Sekarang Shalahuddin menghadapkan perhatian sepenuhnya
terhadap kota Jerusalem yang diduduki tentara Salib dengan
kekuatan melebihi enam puluh ribu prajurit. Ternyata tentara salib ini tidak
sanggup menahan serbuan pasukan Sultan dan menyerah pada tahun 1193. Sikap
penuh perikemanusiaan Sultan Shalahuddin dalam memperlakukan tentara Nasrani
itu merupakan suatu gambaran yang berbeda seperti langit dan bumi, dengan
perlakuan dan pembunuhan secara besar-besaran yang dialami kaum Muslimin ketika
dikalahkan oleh tentara Salib sekitar satu abad sebelumnya.

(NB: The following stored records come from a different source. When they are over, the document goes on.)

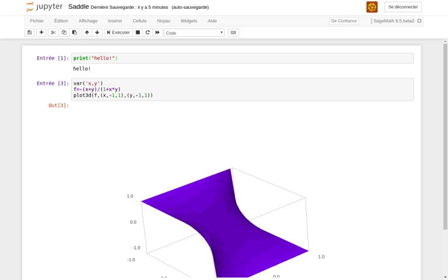Software packages contained in SageMath. The philosophy of SageMath is to use existing open-source libraries wherever they exist. Therefore, it uses many libraries from other projects.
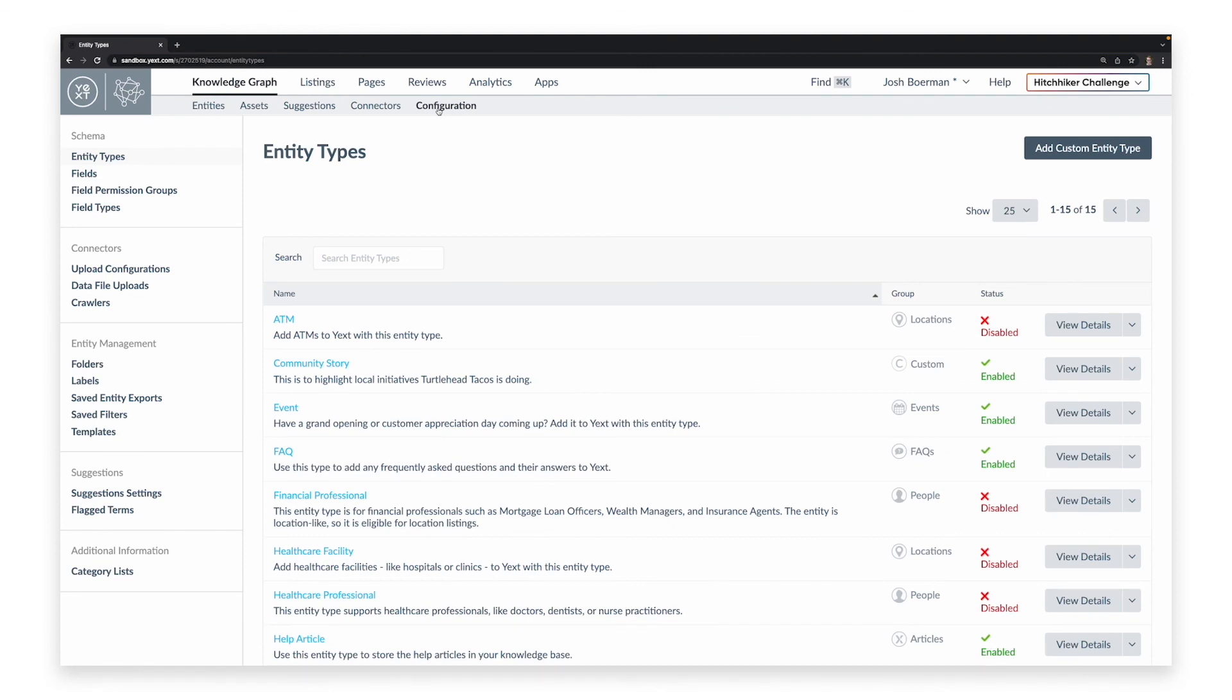For more information about best practice uses of connectors and configuration, check out the Hitchhiker's Learning Tracks about the Knowledge Graph, which include interactive step-by-step guides on how you can structure your own optimal data model and use connectors to populate information within it.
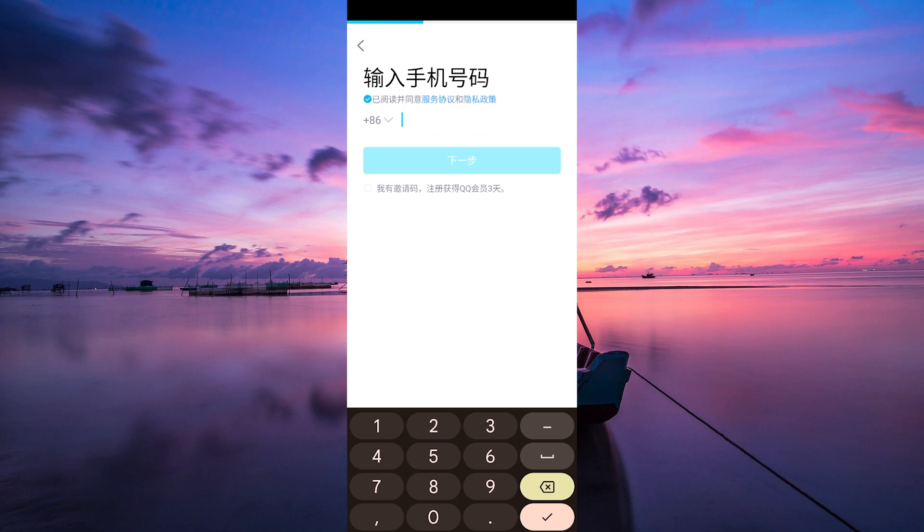After entering your information, you'll need to verify your phone number. QQ will send a verification code to the mobile number you provided. Enter the code in the app to confirm your identity.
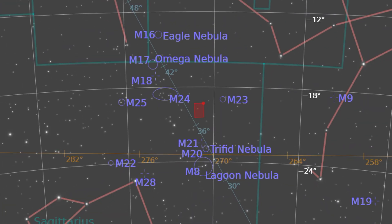So this particular object is kind of nestled between where Eagle and Omega are and the Trifid and Lagoon Nebulas. So it's kind of halfway between those very popular targets and this one intrigued me.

Menurut penuturan ahli sejarah Michaud, pada waktu Jerusalem
direbut oleh tentara Salib pada tahun 1099 Masehi, kaum Muslimin dibunuh secara
besar-besaran di jalan-jalan raya dan di rumah-rumah kediaman. Jerusalem tidak memiliki tempat berlindung
bagi umat Islam yang menderita kekalahan itu. Ada yang melarikan diri dari cengkeraman
musuh dengan menjatuhkan diri dari tembok-tembok yang tinggi, ada yang lari
masuk istana, menara-menara, dan tak kurang pula yang masuk masjid. Tetapi
mereka tidak terlepas dari kejaran tentara Salib. Tentara Salib yang menduduki
masjid Umar di mana kaum Muslimin dapat bertahan untuk waktu yang singkat.

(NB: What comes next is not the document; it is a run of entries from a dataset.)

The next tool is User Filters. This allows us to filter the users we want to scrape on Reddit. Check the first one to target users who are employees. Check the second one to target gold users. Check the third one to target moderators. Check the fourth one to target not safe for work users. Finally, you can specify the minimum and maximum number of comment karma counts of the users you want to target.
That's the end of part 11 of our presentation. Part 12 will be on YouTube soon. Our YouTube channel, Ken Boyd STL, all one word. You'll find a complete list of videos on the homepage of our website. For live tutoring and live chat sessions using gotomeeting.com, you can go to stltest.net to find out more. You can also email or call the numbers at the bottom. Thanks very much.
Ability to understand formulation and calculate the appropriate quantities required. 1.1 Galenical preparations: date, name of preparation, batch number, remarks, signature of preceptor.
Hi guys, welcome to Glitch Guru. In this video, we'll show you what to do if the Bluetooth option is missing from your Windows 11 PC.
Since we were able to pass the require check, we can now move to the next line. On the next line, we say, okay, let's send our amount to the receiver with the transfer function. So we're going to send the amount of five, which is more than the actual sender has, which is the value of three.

mengulangl lagi tindakan-tindakan yang penuh kekejaman. Pasukan infanteri dan kavaleri
menyerbu kaum pengungsi yang lari tunggang langgang. Di tengah-tengah
kekacaubalauan kaum peenyerbu itu yang terdengar hanyalah erangan dan teriakan
maut. Pahlawan Salib yang berjasa itu berjalan menginjak-injak tumpukan mayat
Muslimin, mengejar mereka yang masih berusaha dengan sia-sia melarikan diri.
Raymond d' Angiles yang menyaksikan peristiwa itu mengatakan bahwa “di serambi
masjid mengalir darah sampai setinggi lutut, dan sampai ke tali tukang kuda
prajurit.”
Penyembelihan manusia biadab ini berhenti sejenak, ketika
tentara Salib berkumpul untuk melakukan misa syukur atas kemenangan yang telah
mereka peroleh. Tetapi setelah beribadah itu, mereka melanjutkan kebiadaban
dengan keganasan. “Semua tawanan” kata Michaud, “yang tertolong nasibnya karena
kelelahan tentara Salib yang semula tertolong karena mengharapkan diganti
dengan uang tebusan yang besar, semua dibunuh dengan tanpa ampun. Kaum Muslimin
terpaksa menjatuhkan diri mereka dari menara dan rumah kediaman; mereka dibakar
hidup-hidup, mereka diseret dari tempat persembunyiannya di bawah tanah; mereka
dipancing dari tempat perlindungannya agar keluar untuk dibunuh di atas
timbunan mayat.”
Cucuran air mata kaum wanita, pekikan anak-anak yang tak
bersalah, bahkan juga kenangan dari tempat di mana Nabi lsa memaafkan
algojo-algojonya, tidak dapat meredakan nafsu angkara tentara yang menang itu.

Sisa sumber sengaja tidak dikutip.